The tour began with Nakatsugawa Bridge, part of a 14.2km-long section of the new expressway section near the town of Matsuda, around 20km north of Odawara. The bridge was designed by Sumitomo Mitsui Construction and is being built by the same company, now acting as contractor.
The bridge connects tunnels running through the mountains on either side of the gorge and its location has severe access limitations that took five years to overcome via the construction of elevated access roads. The area being characterised by fault lines affected all stages of the project, including the bridge’s asymmetric design.
Elevated temporary structures help access the Nakatsugawa Bridge construction site
The crossing comprises two adjacent three-span extradosed structures with butterfly web box-girders. Each structure carries a single extradosed cable tower and these are located at opposite ends of the valley. The downstream crossing is 317m long and the upstream 277m, with corresponding span configurations of 81.7m+172m+61.2m and 37.7m+132.5m+105.7m.

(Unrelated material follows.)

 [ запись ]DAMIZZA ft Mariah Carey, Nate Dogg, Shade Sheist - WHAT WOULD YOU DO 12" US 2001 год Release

Nakatsugawa Bridge is the sixth bridge in the world to feature so-called butterfly webs in its superstructure. This is a concrete construction element that weighs between 10 and 20% less than a similarly sized solid girder section and was invented and patented by Akio Kasuga, who as well as being the outgoing fib president is executive vice president at Sumitomo Mitsui Construction. The butterfly web, Bd&e readers may recall, resists shear force in a similar way to a double Warren truss and thus breaks down the shear force into separately transmitted compressive and tensile forces.
Butterfly webs are used in Nakatsugawa Bridge in order to lighten the cable-stayed girder
The asymmetrical nature of the spans of each bridge structure and the location of the extradosed cable towers are the result of three main site constraints. First, the presence of the river and adjacent minor stream, which the structures were not allowed to touch; second, a fracture zone located at the valley floor, which made positioning of foundations problematic; and third, overhead electric cables on one side of the gorge that prevented the placement of both cable towers there, side by side. As a result, the cable tower on the downstream section had to be placed on the west, cable-free side where, unfortunately, its ideal position was occupied by the Nakatsu River and the fracture zone. In design, the tower therefore had to be shifted just above the foot of the mountain, only 63m away from the tunnel entrance above. This resulted in unbalanced cable spans, considering the 172m-long main span of the bridge.
The asymmetrical nature of the spans and the positions of the extradosed cable towers are the direct result of the Nakatsugawa Bridge site constraints 1
The asymmetrical nature of the spans and the positions of the extradosed cable towers are the direct result of the Nakatsugawa Bridge site constraints 2
The unbalance was addressed in two ways, firstly by having the lateral cable-stayed main girder extending 20m into the tunnel itself. And secondly, by making the 172m-long main span lighter through the use of butterfly webs, in contrast to the standard ‘solid’ web that comprises the tunnel side girder.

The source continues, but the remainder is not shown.